* What is required: When you write out the listing, keep each word exactly as it stands but include none of its images.

* Source information:
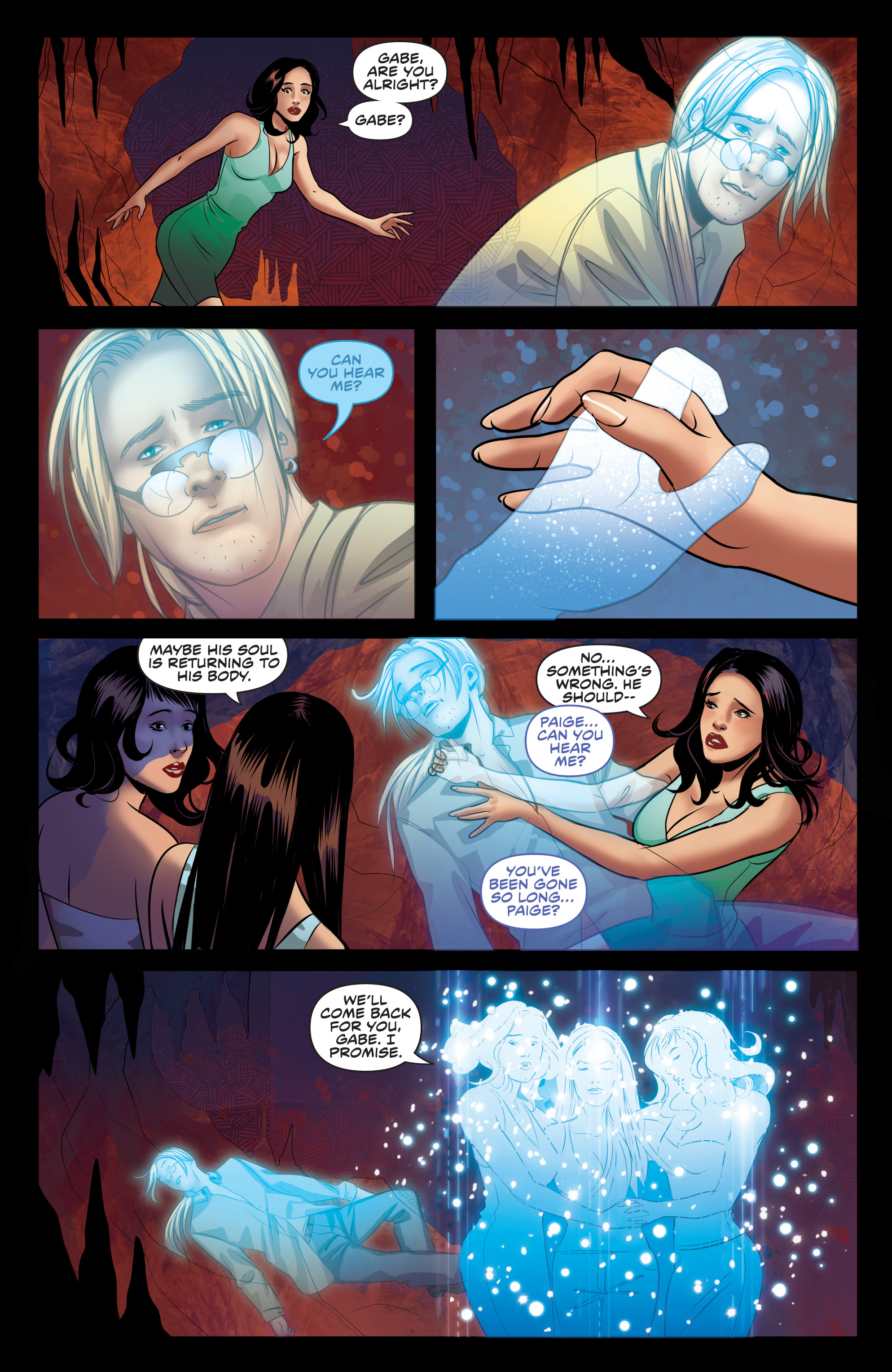 Charmed (2017) issue 5 - Page 14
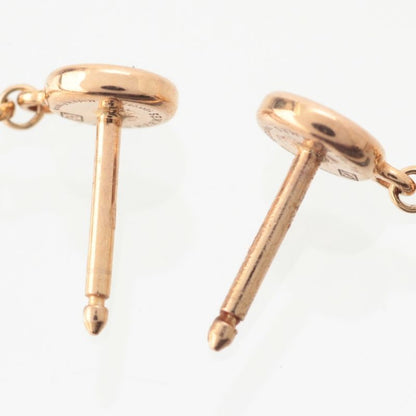 Hermes Libris Diamond Earrings 750 Gambard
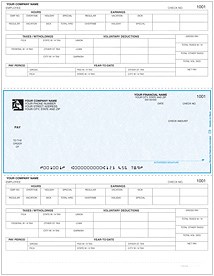 Laser Payroll Check Middle  Thumbnail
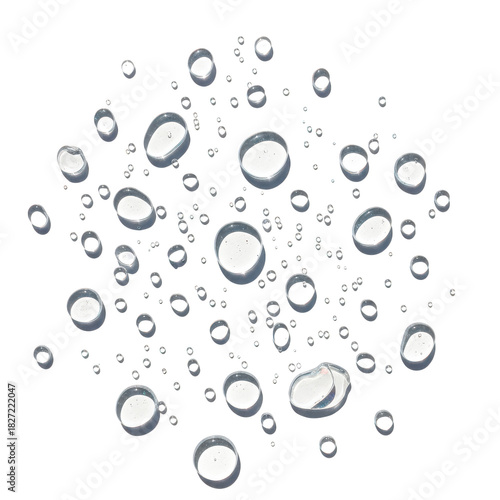 Wallpaper Mural The image is of a white background with many small, clear. isolated illustration on  transparent background PNG Torontodigital.ca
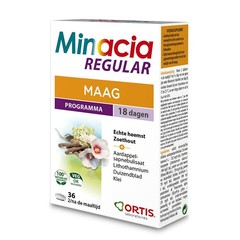 Ortis Minacia regular (36 st)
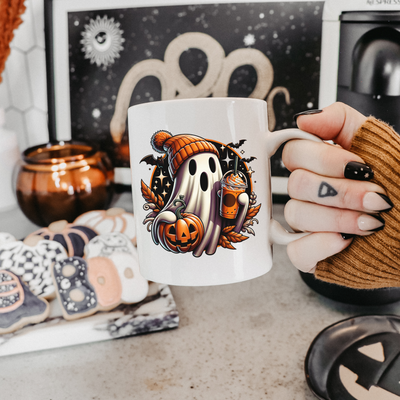 Halloween Ghost Coffee Mug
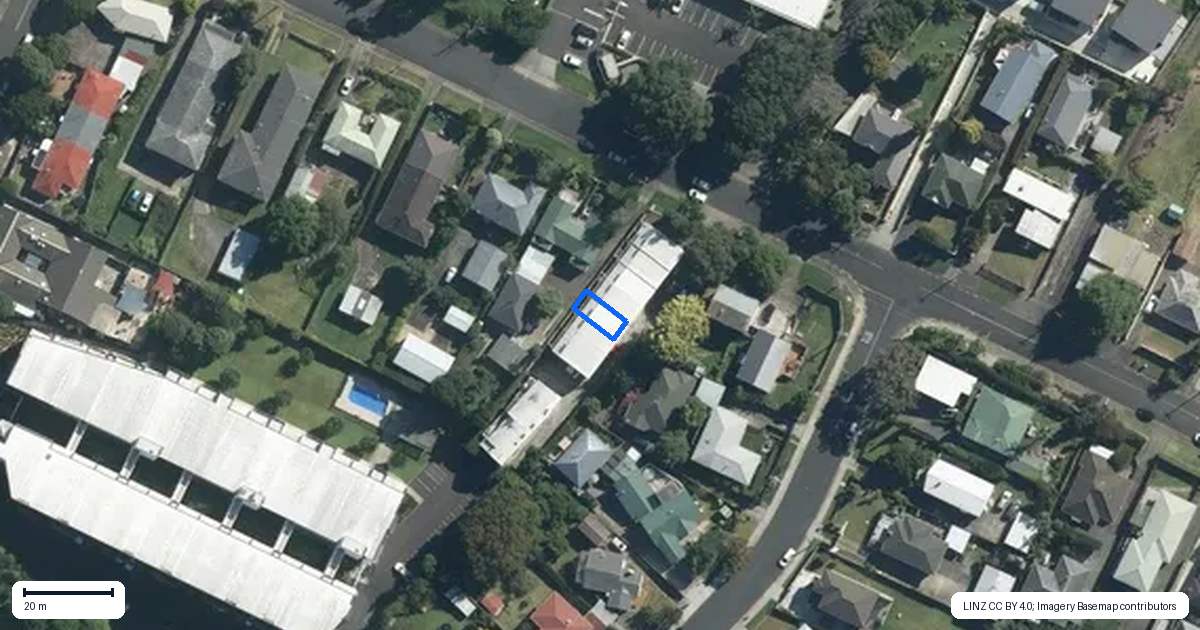 Property context map for 26 Banks Road, Mount Wellington, Auckland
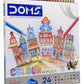 DOMS FSC 24 SHADES  COLOUR PENCIL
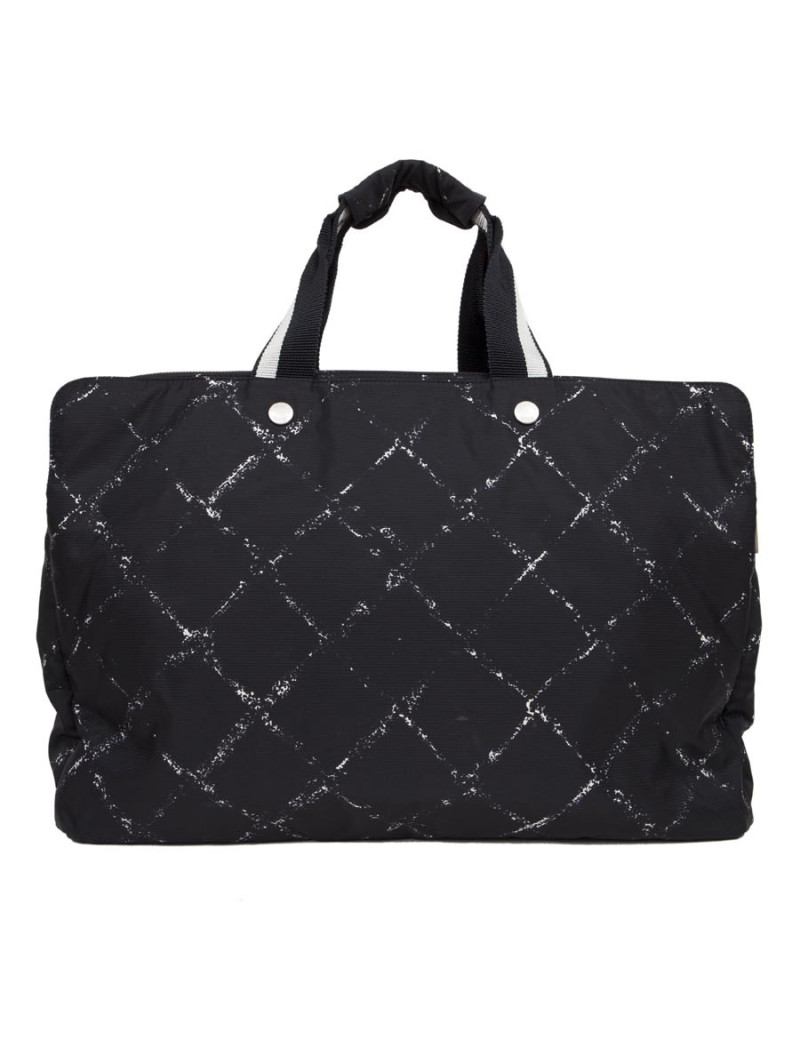 Sac de weekend CHANEL toile monogram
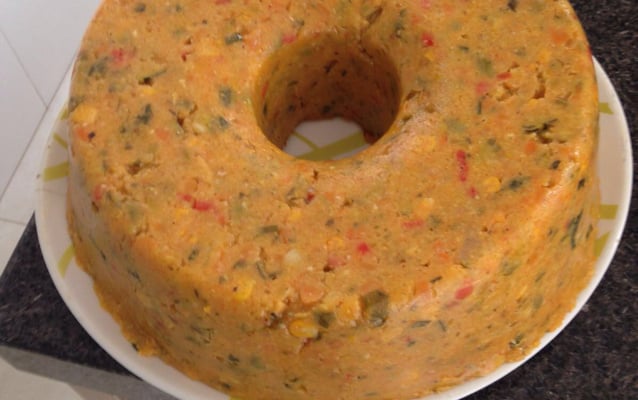 Cuscuz vegetariano econômico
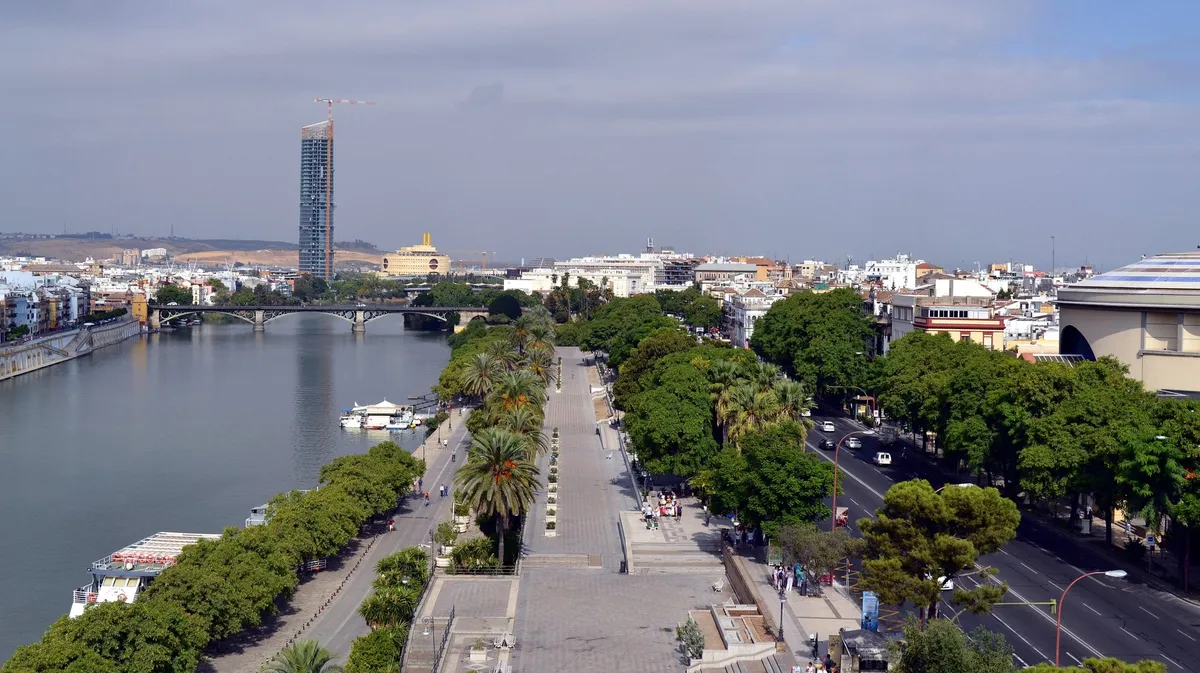 Seville - one of the places your quest passes through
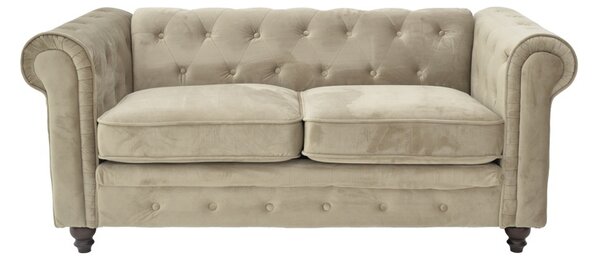 Диван с 2 места Incredible Pako World Beige 160x84x67 cm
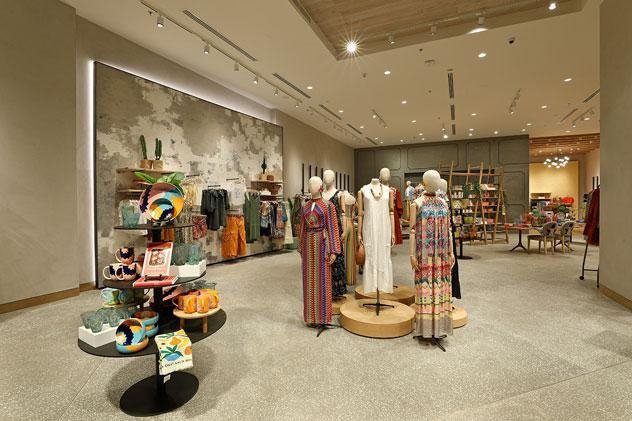 متجر Anthropologie في دبي مول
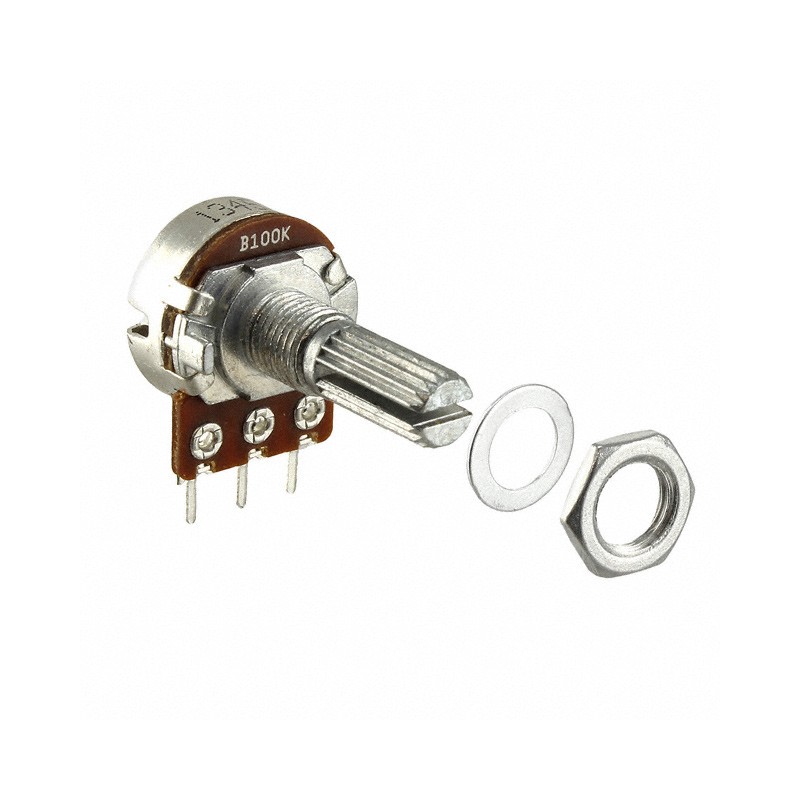 10 pcs : PDB181-E420K-502B - POT 5K OHM 1/5W CARBON LINEAR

* Finished task:
 Charmed (2017) issue 5 - Page 14
 Hermes Libris Diamond Earrings 750 Gambard
 Laser Payroll Check Middle  Thumbnail
 Wallpaper Mural The image is of a white background with many small, clear. isolated illustration on  transparent background PNG Torontodigital.ca
 Ortis Minacia regular (36 st)
 Halloween Ghost Coffee Mug
 Property context map for 26 Banks Road, Mount Wellington, Auckland
 DOMS FSC 24 SHADES  COLOUR PENCIL
 Sac de weekend CHANEL toile monogram
 Cuscuz vegetariano econômico
 Seville - one of the places your quest passes through
 Диван с 2 места Incredible Pako World Beige 160x84x67 cm
 متجر Anthropologie في دبي مول
 10 pcs : PDB181-E420K-502B - POT 5K OHM 1/5W CARBON LINEAR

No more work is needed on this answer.